1: along the way you will at least once start to question your innate ability to learn this stuff. That is natural and realize that the reason e.g. mathematics has the reputation of being something you either "get" or not is that there is no method, as of yet, out there to train for mathematics systematically like there are methods for learning, say, how to play the piano.

2. Focus on building the right mental representations of the concepts. If you want to learn, say, differentiation, don't just learn all the differentiation rules like dx^n / dx = nx^(n-1). Try to understand the definition of differentiation. In school they usually don't teach you how to think about this stuff, they only teach you to manipulate algebraic symbols. Newton himself believed algebra was just of expressing what you already understand, not a way of understanding things in itself. I think that is very true.

3. The most important thing is mental representation. You sometimes see self-taught people try to answer questions on math.stackexchange and whatnot, and they are usually easy to spot because they don't have a real mathematician's mindset. They learned the lingo and the techniques but they haven't learned how to think properly about the concepts. So, to avoid becoming like that, get as much interaction with skilled mathematicians as possible. If you don't have access to them physically, one way is to ask and answer questions on math.stackexchange. People there enjoy punishing sloppy mathematics, and that is very good.

4. Engage in a process of trial and failure where the failures are explicitly identifiable.
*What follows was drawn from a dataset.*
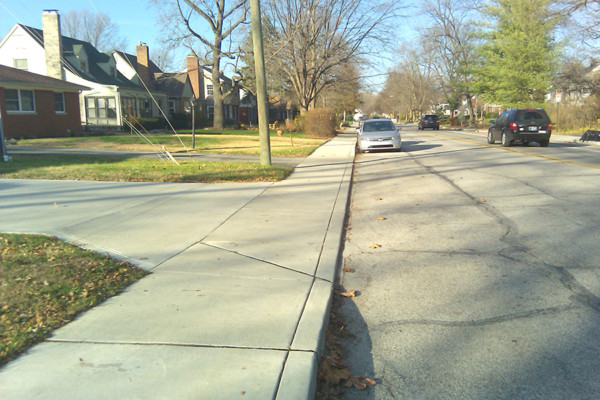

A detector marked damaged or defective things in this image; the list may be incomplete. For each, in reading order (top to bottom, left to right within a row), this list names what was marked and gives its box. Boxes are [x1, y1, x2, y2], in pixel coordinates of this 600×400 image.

Solving practice problems where you have access to the answers is a decent method for that, I guess. But look very closely at what exactly went wrong whenever you made mistakes. There is really no way of learning anything unless you get feedback. And you cannot any feedback unless you do things that can generate mistakes. For example merely reading stuff is *not* a way to learn mathematics. You have to get your elbows in the mud. It's definitely not a pleasurable process, but it's the only way.

5. Have specific goals. Set up the broad topics you want to learn, and what sort of problems you would want to solve within each one. That is obviously hard to know in advance, but you can do this by looking up curriculums of university courses in Calculus. Typically, they will probably include:

- Real numbers and continuity

- Sequences, series and limits

- Differentiation

- Integration

I don't have any suggestions for specific books on Calculus, because there are so many of them. But if you plan to enroll at some specific university, I would simply look up the books they use and use that as a starting point.

There is a lot to say about the best way to learn this stuff and I am probably forgetting a lot. Feel free to ask more questions. But they key elements are:

- Observe how skilled mathematicians think

- Get your elbows in the mud with a process based on trial-and-error *with* feedback

- Have specificity in your goals